I have seen so many people having grandeur dreams of owning a restaurant, be completely distraught when they themselves actually try working in a restaurant. Even standing for 12 hours straight is a challenge, not to mention being stuffed in a hot room being screamed at for the same 12 hours.

Don’t talk the talk if you can’t walk the walk. 

6. Stress is not your friend

Living with stress is the number 1 fundamental skill of an entrepreneur and any business owner. Nothing affects you like the state of your own business, and no one other than the founders can understand this feeling. In the F&B world, you will see your sales performance every.single.day. And when things are bad, you’re going to loss sleep every night worrying about paying the rent, your staff or even paying yourself.

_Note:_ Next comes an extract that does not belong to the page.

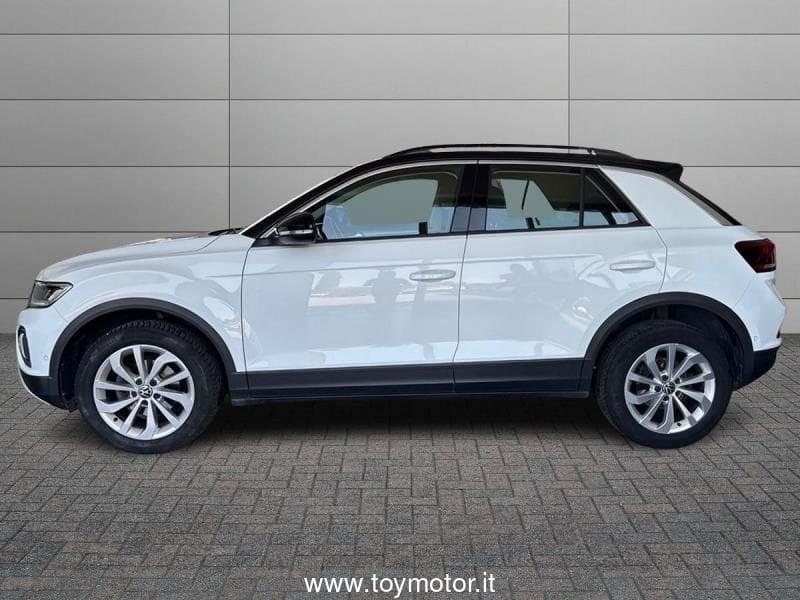 Volkswagen T-Roc 1ª serie 1.0 TSI Life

This stress is amplified if you are working everyday IN your business itself, instead of ON your business. Being in the 12 hour day to day grind, and then having to face poor daily sales is enough to make any person insane. Imagine coming home late after a full day of menial work, then having to spend another couple hours to plan and execute your marketing strategy, then doing the accounts. Then having to repeat this the next day. It’s simply not possible to sustain this in the long run, as your mind and body will break down.

Yes, you’re going to have to do it in the beginning, so you have to be prepared to face stress the likes of which never seen before. If you can’t deal with the heat, get out of the kitchen. But eventually, you have to work out a system to take yourself out of operations and focus on managing the big picture.